The novel tumor targeted nano-drug C-PC/CMC-CD59sp nanoparticles were constructed with carbocymethyl chitosan (CMC), C-phycocyanin (C-PC) and CD59 specific ligand peptide (CD59sp). The anti-tumor drug mechanism of the C-PC/CMC-CD59sp NPs was further explored in cervical cancer cells (HeLa and SiHa) in vitro and in vivo. We found that the C-PC/CMC-CD59sp NPs could inhibit the proliferation and induce G0/G1 cell cycle arrest in cervical cancer HeLa and SiHa cells, and the cell proliferation was reduced in a dose-dependent manner.

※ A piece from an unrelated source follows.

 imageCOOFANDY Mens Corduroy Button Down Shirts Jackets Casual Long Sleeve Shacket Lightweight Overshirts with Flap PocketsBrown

We further found that the C-PC/CMC-CD59sp NPs regulated the cell cycle via up-regulating the expression of p21, and then down-regulating the expressions of Cyclin D1 and CDK4 in vivo. Compared with C-PC and C-PC/CMC NPs, the pro-apoptosis effects of the C-PC/CMC-CD59sp NPs were more significant for HeLa and SiHa cells in vitro. Moreover, the C-PC/CMC-CD59sp NPs up-regulated the expression of cleaved caspase-3 and down-regulated the expression of bcl-2. In addition, compared with C-PC and C-PC/CMC, the C-PC/CMC-CD59sp NPs significantly inhibited MMP-2 protein expression in vivo. Our data suggested that the anti-tumor effects of C-PC/CMC-CD59sp NPs were better than C-PC and C-PC/CMC NPs. Our laboratory constructed a new drug delivery system and proved the effective antitumor effects of C-PC/CMC-CD59sp, which would widen the application of C-PC as a potential anti cervical cancer drug.